Another exciting PEPP innovation is NAVATARS -- "Naval Auxiliary Transport, Asset Recovery, and Search," a new public-private initiative to strengthen collective maritime security in the Pacific.
The heart of the NAVATARS concept of operations is the deployment of accredited vessels and air assets in service as an auxiliary "virtual navy" or Micronesian Coast Guard in support of subscribing Pacific Island governments. Building on the successes and experiences of the Australian Pacific Patrol Boat Program and the United States Coast Guard's joint "shiprider" naval patrols with Pacific Island governments, NAVATARS vessels will embark host country law enforcement officers on patrols of their countries' Exclusive Economic Zones (EEZs). NAVATARS' trained maritime security professionals will then assist these police in the performance of their duties -- especially those of border surveillance and asset recovery -- in order to help curb the exploitation of Pacific Island EEZs by organized international criminal elements.
NAVATARS authority derives from the host country law enforcement officer, who, in cooperation with the NAVATARS vessel master, exercise full discretion in the conduct of operations. With the consent of participating governments, NAVATARS' operations will span multiple EEZs, sometimes in the course of a single extended patrol. This tactic will defeat the current practice of poachers, which is to evade law enforcement by slipping across contiguous EEZs or into high sea pockets between EEZs.

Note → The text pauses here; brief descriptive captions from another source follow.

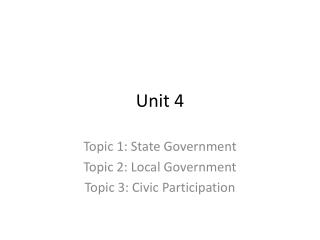 Unit 4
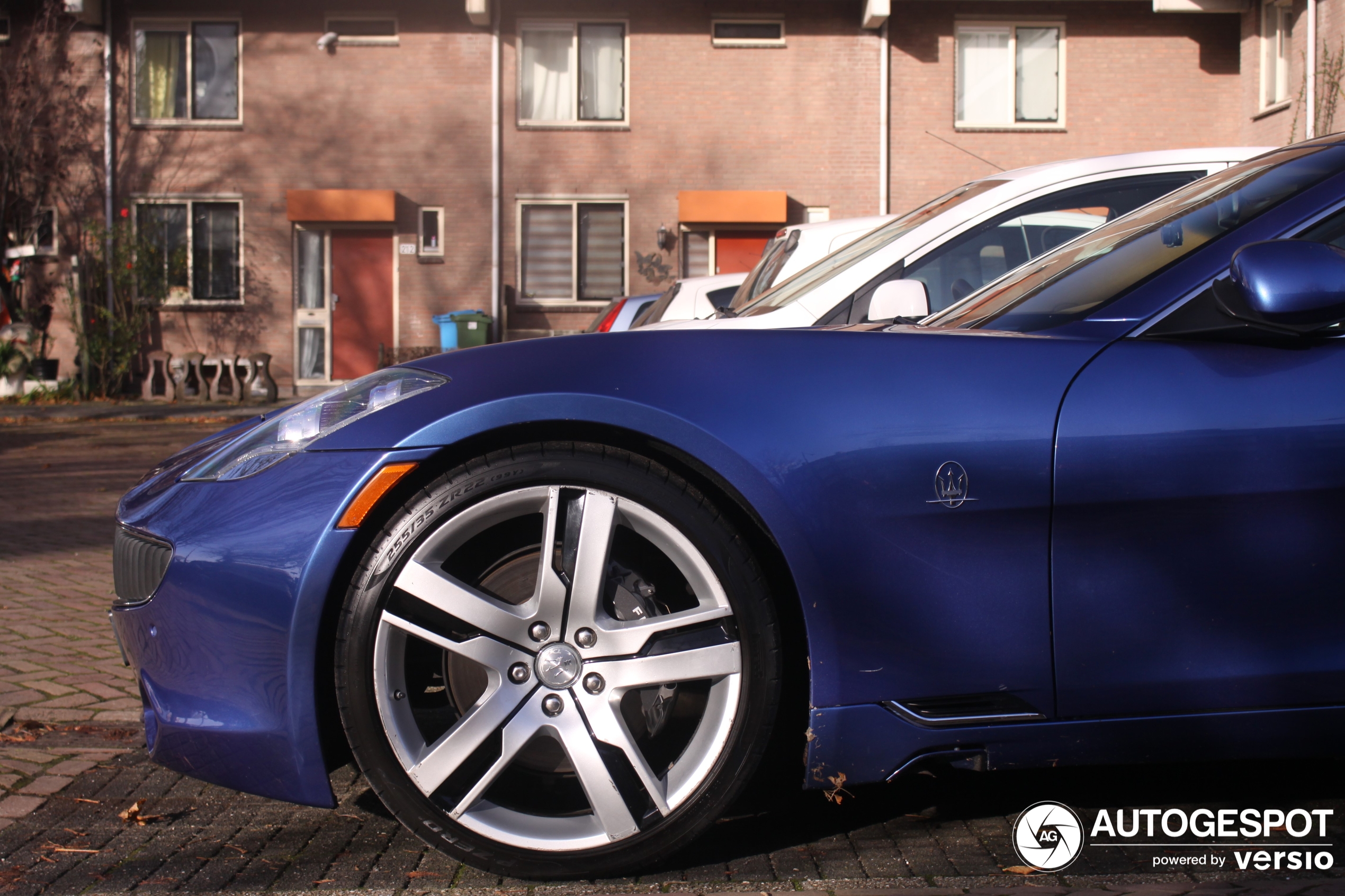 Gespot: hybride vierdeurs Maserati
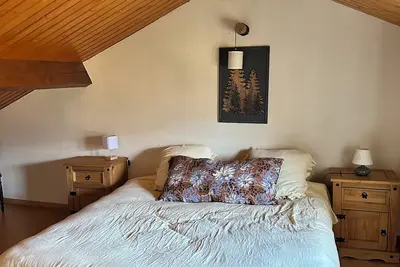 Image de Maison avec Cheminee Bolquere village \nEt espace jardin cloturé
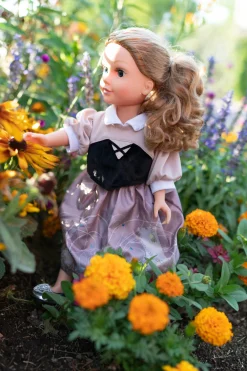 Little Adventures Doll Dress Sleeping Beauty Day Dress><noscript><img width=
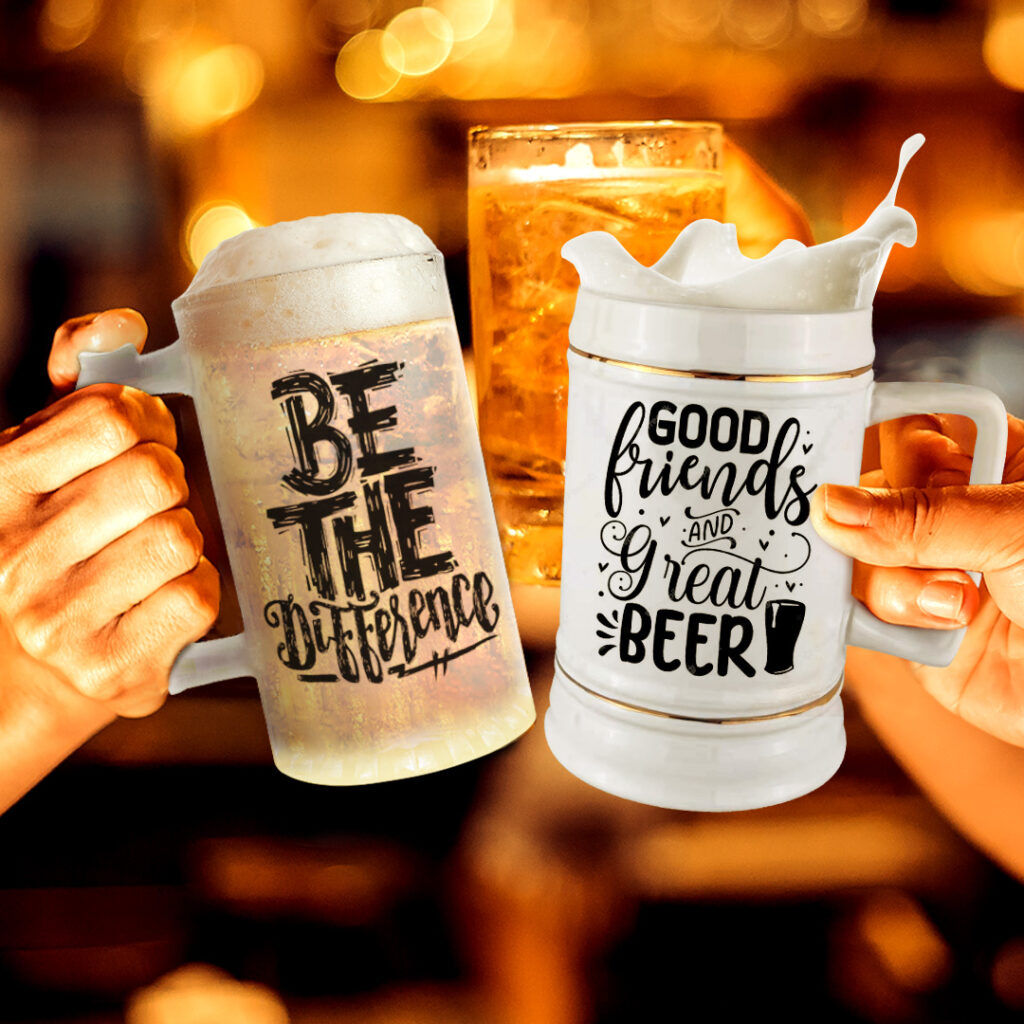 best photo gift ideas-beer-stein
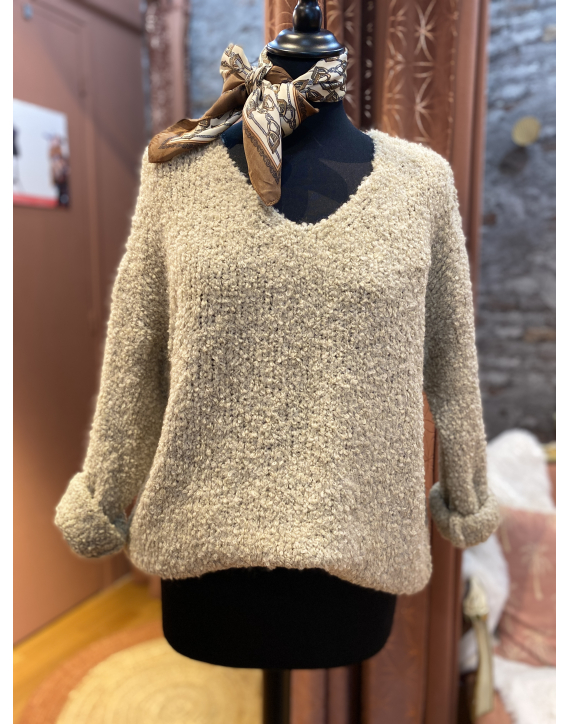 Pull Betty en beige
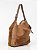Bolsa Petite Jolie Fluffy Bag Chocolate PJ11376 - Imagem 3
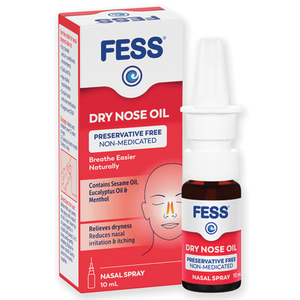 Fess Dry Nose Oil Nasal Spray - 10mL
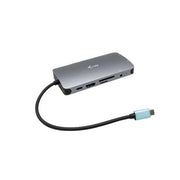 I-tec metal usb-c travel nano dock hdmi/vga with lan + power delivery 100 w - C31NANODOCKVGAPD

NAVATARS will sustain itself through international donations and a percentage of the new revenue it brings to subscribing governments. NAVATARS patrolling will build the capacity and protect the state sovereignty of vulnerable Pacific Island countries, while reducing the incentive to international organized crime syndicates of using the Pacific for the transhipment of people, narcotics and weapons. NAVATARS will also help to curb illegal dumping and other potentially costly environmental crimes. Most importantly, NAVATARS patrolling will help to reduce the rampant theft and destruction of Pacific marine resources by illegal, unreported and unregulated fishing, increasing the viability and long-term sustainability of the fishing stocks upon which so many Pacific economies and livelihoods depend.